== Brief ==
In the material below, find the line containing "Family With Hydromassage" and the line containing "WW2 GERMAN POLICE HAT INSIGNIA: WW2". Output those two lines and all lines between them exactly, without pictures.

== Data provided ==
-----
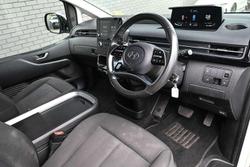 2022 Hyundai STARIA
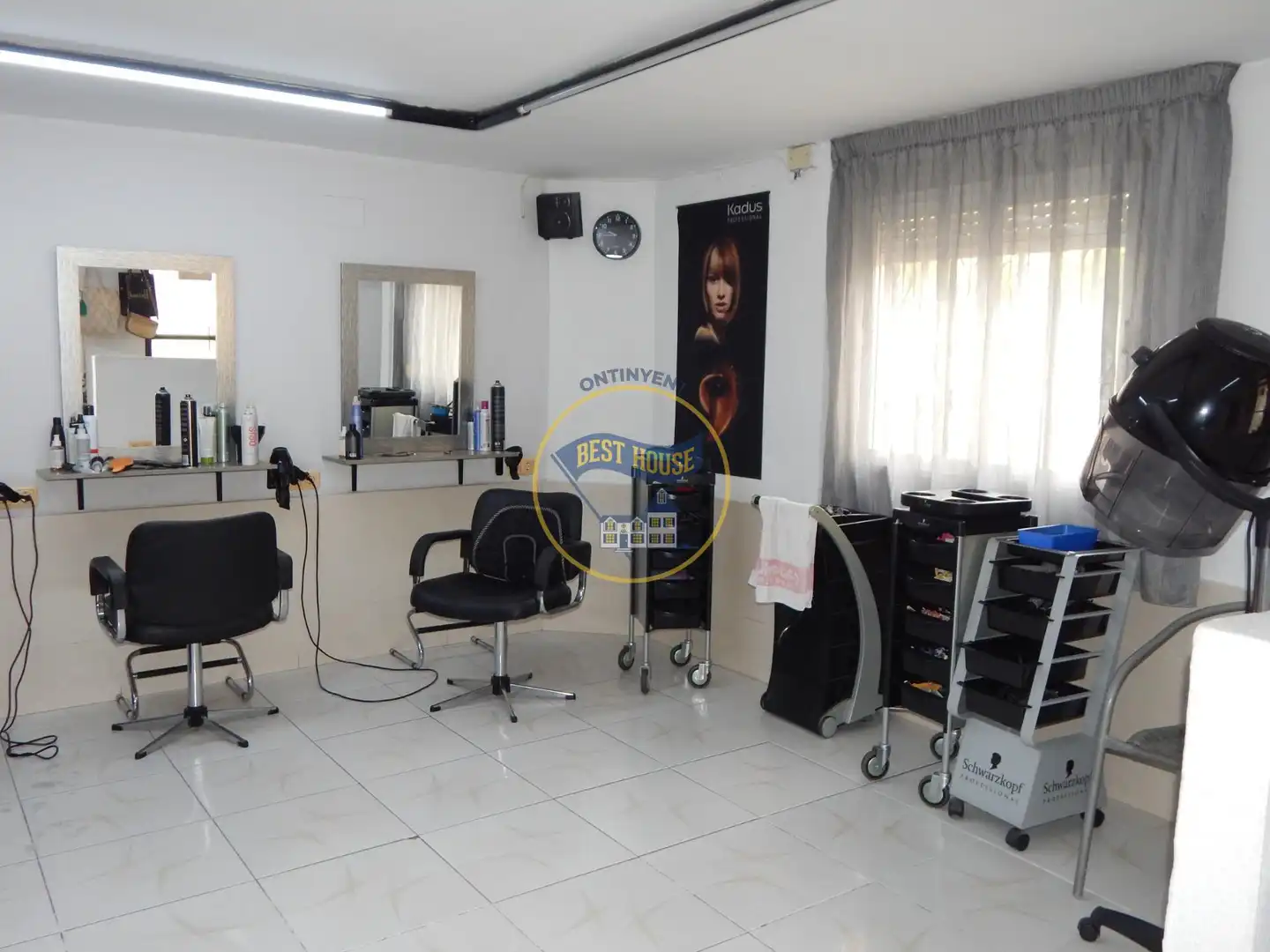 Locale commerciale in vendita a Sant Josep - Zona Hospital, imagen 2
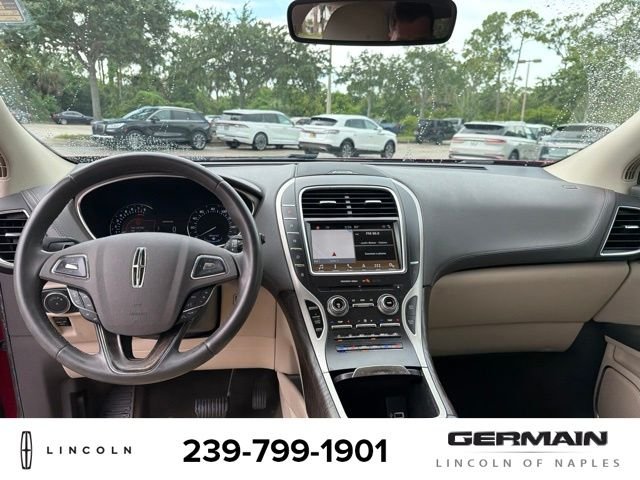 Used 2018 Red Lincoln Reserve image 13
-----
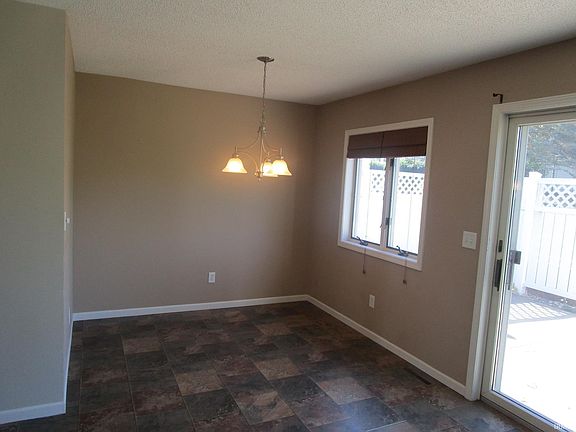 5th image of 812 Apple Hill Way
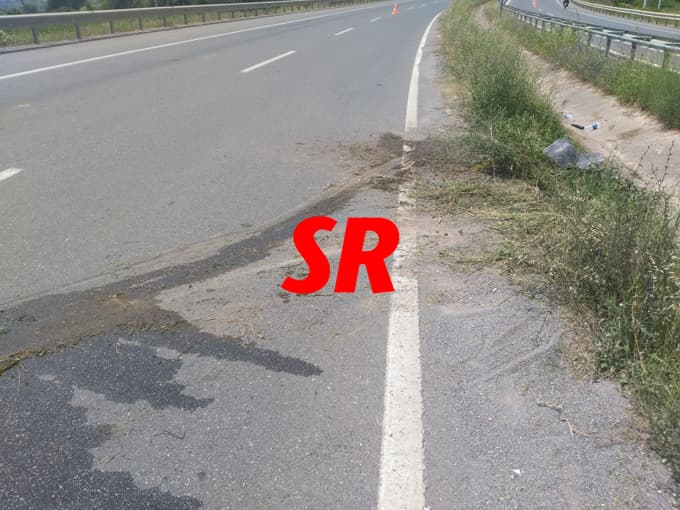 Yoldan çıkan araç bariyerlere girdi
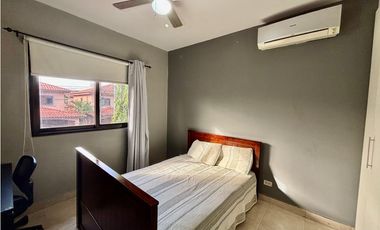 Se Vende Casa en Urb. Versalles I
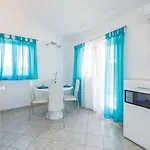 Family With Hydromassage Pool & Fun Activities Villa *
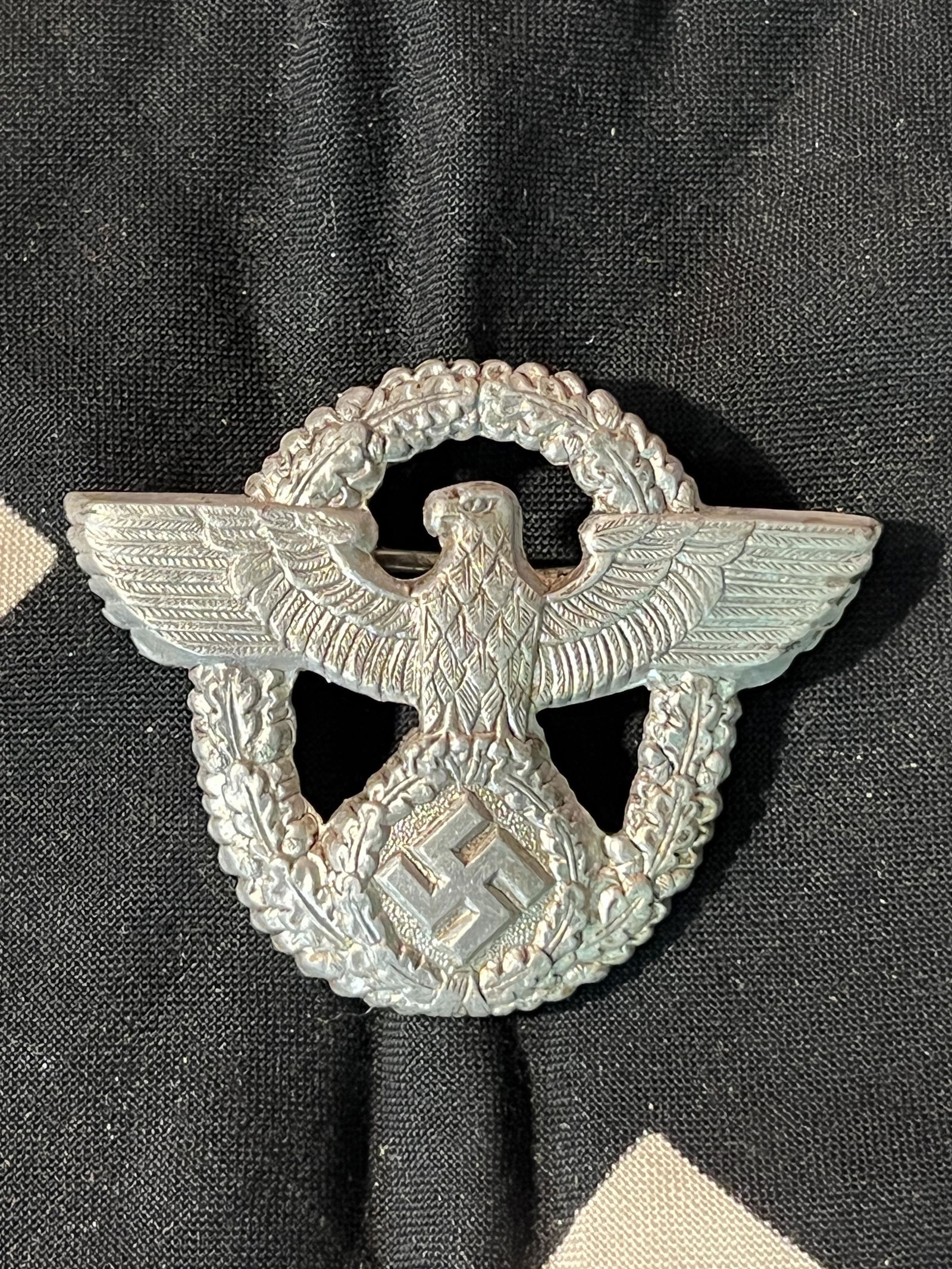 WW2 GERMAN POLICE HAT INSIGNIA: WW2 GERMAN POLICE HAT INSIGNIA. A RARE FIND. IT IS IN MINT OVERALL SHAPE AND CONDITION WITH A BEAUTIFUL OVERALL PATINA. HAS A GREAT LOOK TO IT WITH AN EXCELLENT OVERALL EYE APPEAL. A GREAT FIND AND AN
-----
== Completed task ==
 Family With Hydromassage Pool & Fun Activities Villa *
 WW2 GERMAN POLICE HAT INSIGNIA: WW2 GERMAN POLICE HAT INSIGNIA. A RARE FIND. IT IS IN MINT OVERALL SHAPE AND CONDITION WITH A BEAUTIFUL OVERALL PATINA. HAS A GREAT LOOK TO IT WITH AN EXCELLENT OVERALL EYE APPEAL. A GREAT FIND AND AN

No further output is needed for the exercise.